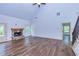 Spacious living room with hardwood floors and a stone fireplace at 45 Knight Ln, Mcdonough, GA 30252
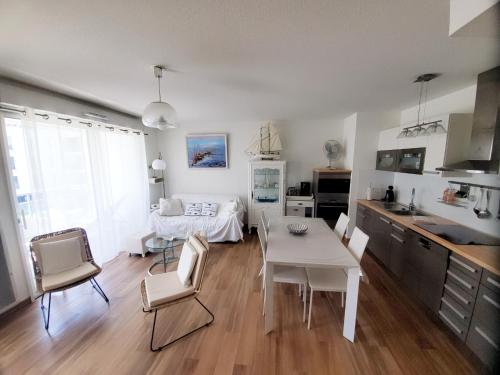 une cuisine et un salon avec une table et des chaises blanches dans l'établissement Le Carré des Sens, à La Rochelle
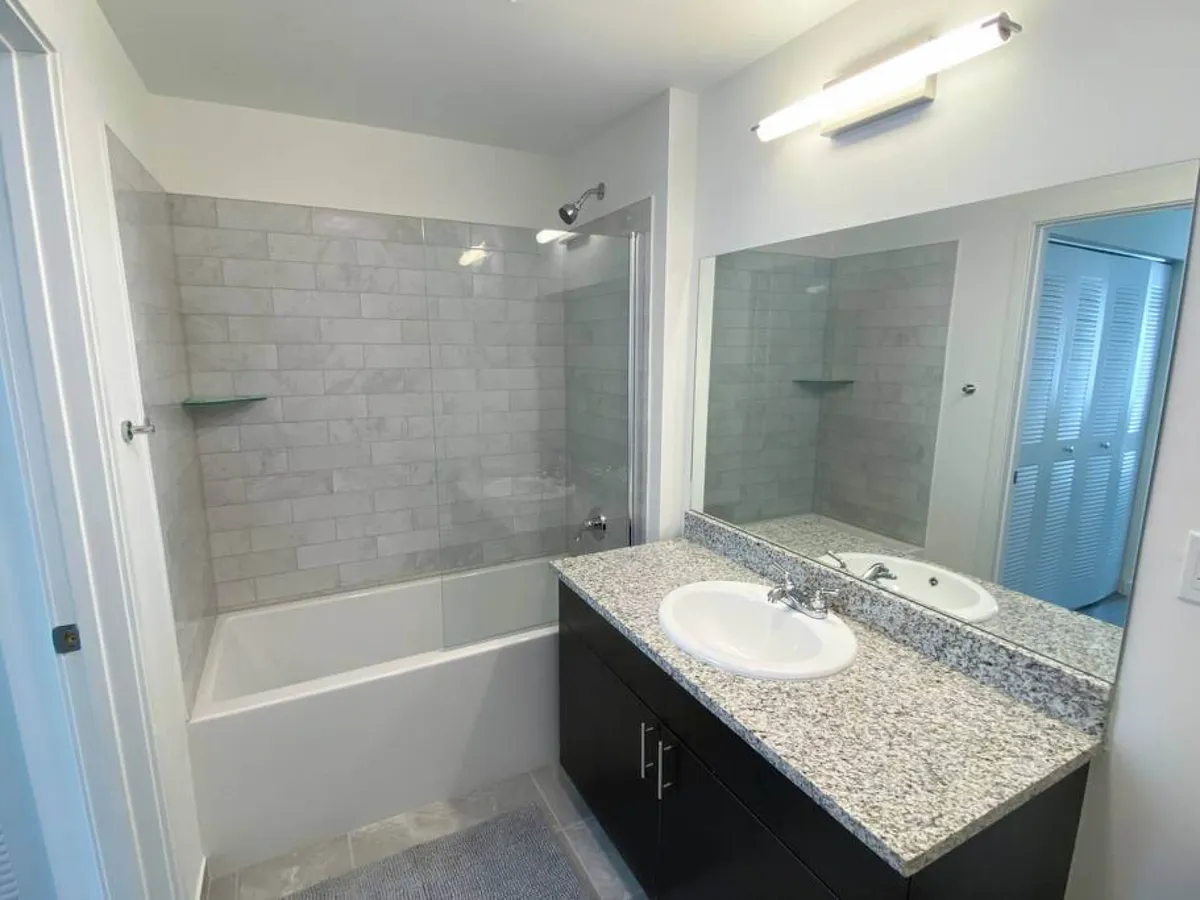 A modern full bathroom featuring a granite countertop with built-in sink, a large mirror above, and a bathtub with a glass shower screen. Subtle tile accents and bright lighting create a fresh, practical space for daily self-care.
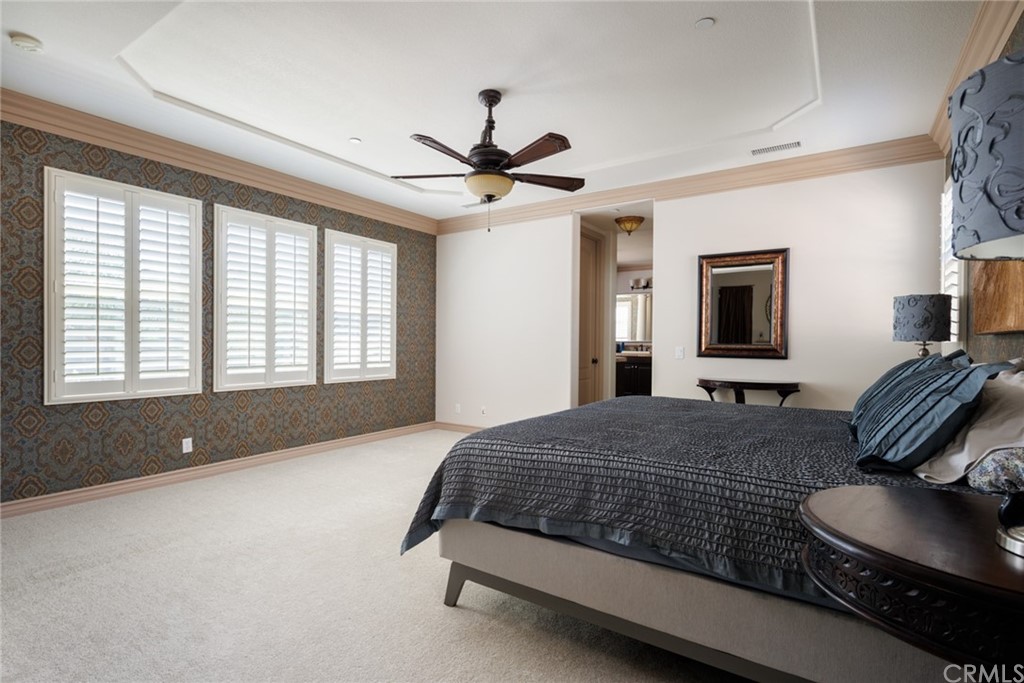 8 Kane Lane Ladera Ranch, CA 92694 - Photo 15 of 29 a bedroom with a bed dresser and a window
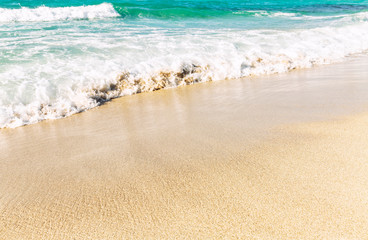 Sandy coast, turquoise sea, wave
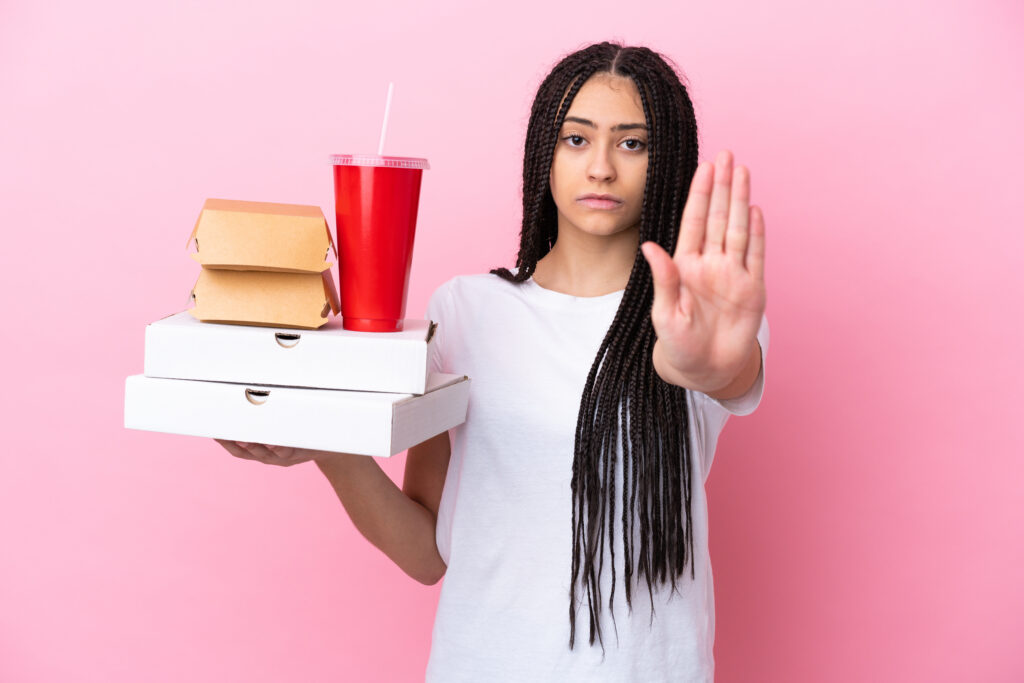 Mulher com caixas de fast food e copo de bebida faz sinal de "pare", simbolizando controle alimentar em festas e ocasiões especiais.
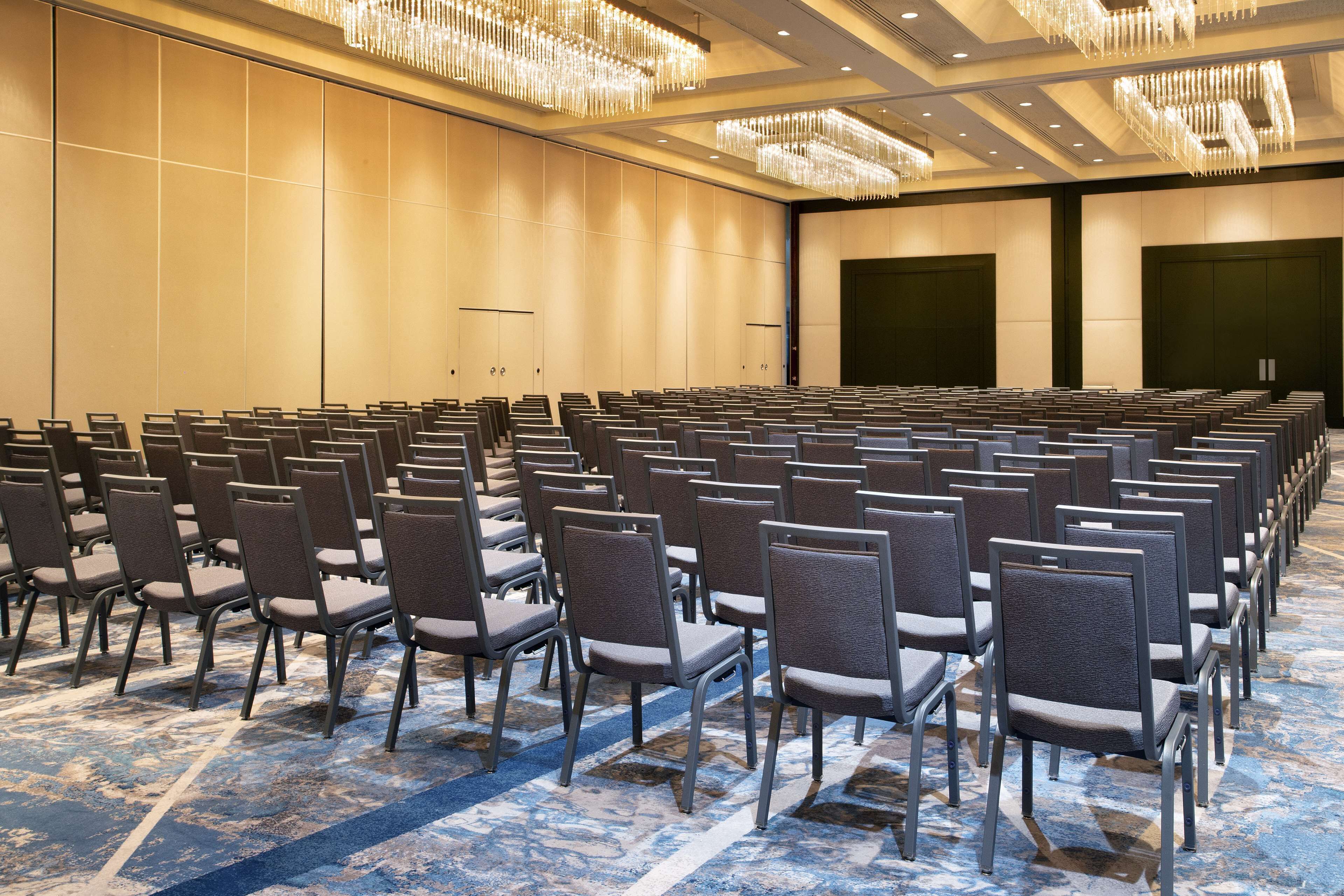Un salón de conferencias con filas de sillas, una alfombra estampada y una gran araña de cristal.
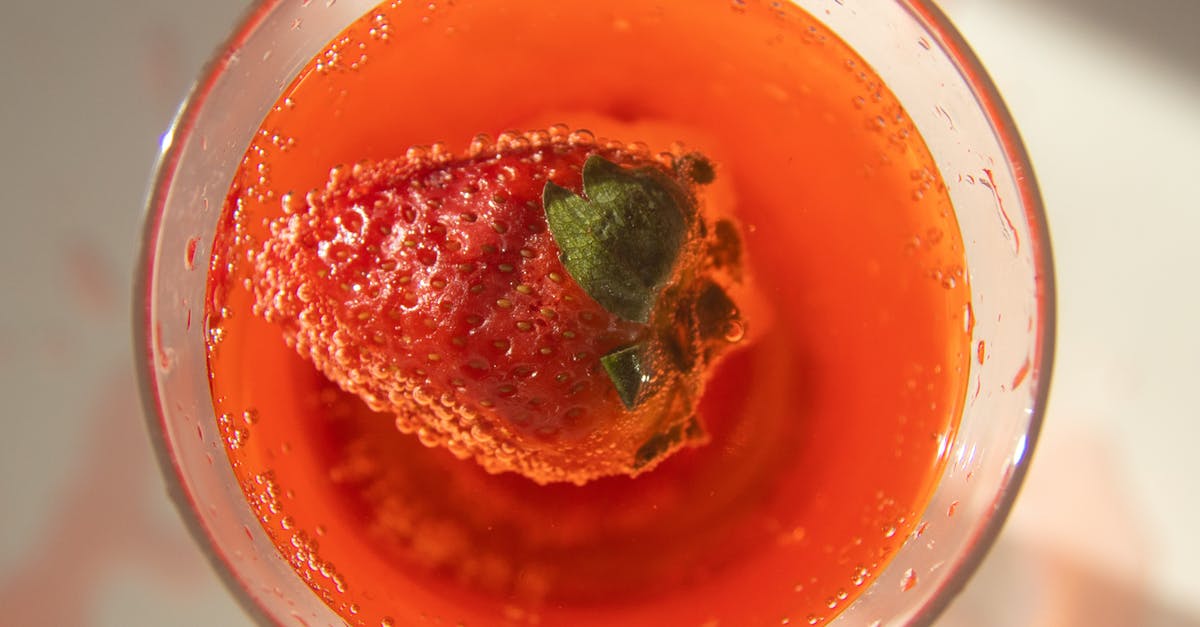How to remove alcohol taste from vanilla extract? - Top view of fresh red strawberry in glass of cold cocktail served on white table in sunlight How to remove alcohol taste from vanilla extract? - Top view of fresh red strawberry in glass of cold cocktail served on white table in sunlight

---

_PROBLEM DETAILS_
Leaving every picture out, write out exactly the lines from the beginning of the listing above to the line with "A modern full", inclusive.

_EXERCISE ANSWER_
 Spacious living room with hardwood floors and a stone fireplace at 45 Knight Ln, Mcdonough, GA 30252
 une cuisine et un salon avec une table et des chaises blanches dans l'établissement Le Carré des Sens, à La Rochelle
 A modern full bathroom featuring a granite countertop with built-in sink, a large mirror above, and a bathtub with a glass shower screen. Subtle tile accents and bright lighting create a fresh, practical space for daily self-care.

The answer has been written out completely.